● EXERCISE INSTRUCTIONS:
Take the entries below and reproduce exactly the portion that begins at the line containing "Eau de Parfum" and ends at the line containing "Bandai Prenium booster", keeping both ends, dropping pictures, and adding nothing else.

(SUPPLIED DATA)

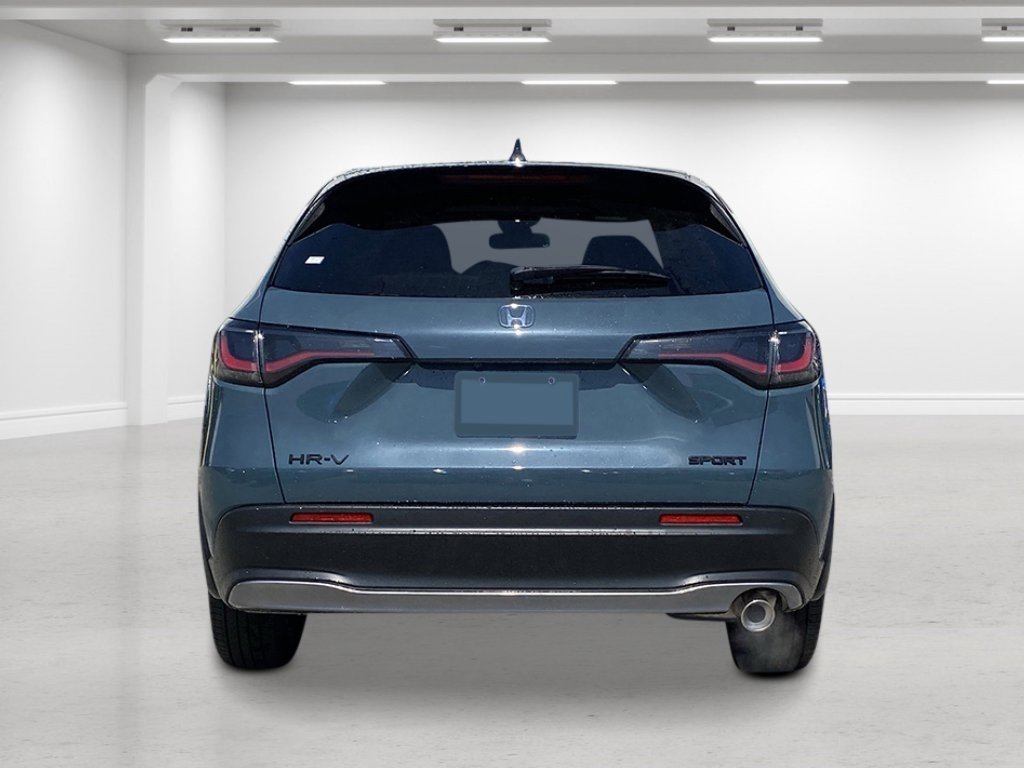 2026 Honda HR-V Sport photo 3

(End SUPPLIED DATA)
(SUPPLIED DATA)

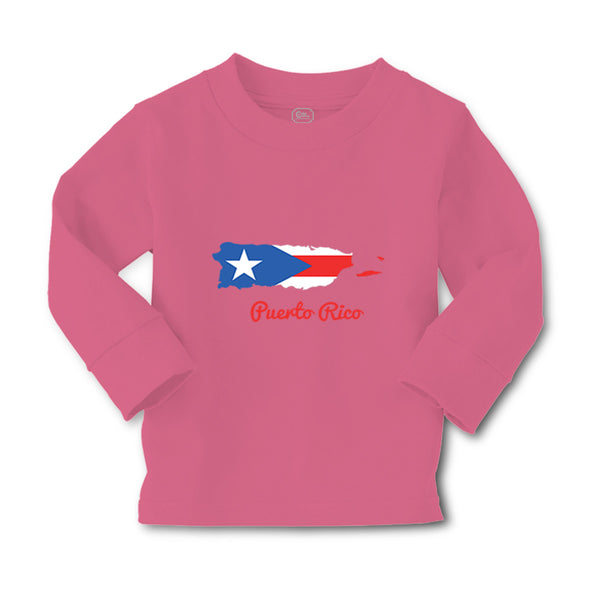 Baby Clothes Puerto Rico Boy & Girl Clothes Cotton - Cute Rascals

(End SUPPLIED DATA)
(SUPPLIED DATA)

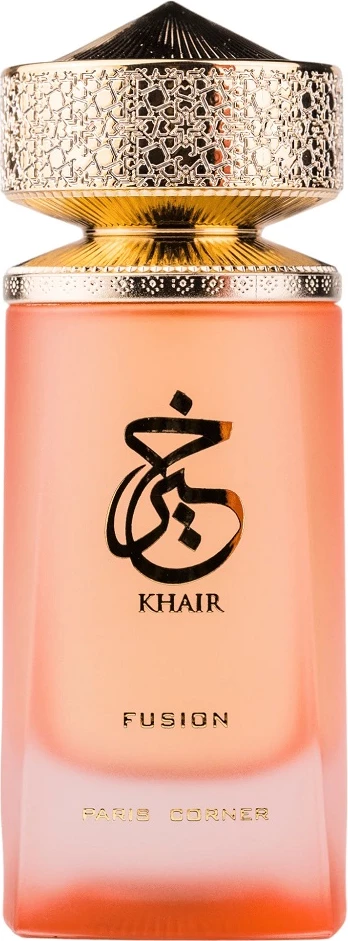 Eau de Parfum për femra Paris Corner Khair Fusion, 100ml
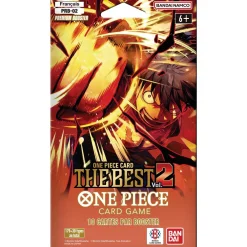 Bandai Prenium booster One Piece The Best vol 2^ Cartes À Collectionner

(End SUPPLIED DATA)

● TASK SOLUTION:
 Eau de Parfum për femra Paris Corner Khair Fusion, 100ml
 Bandai Prenium booster One Piece The Best vol 2^ Cartes À Collectionner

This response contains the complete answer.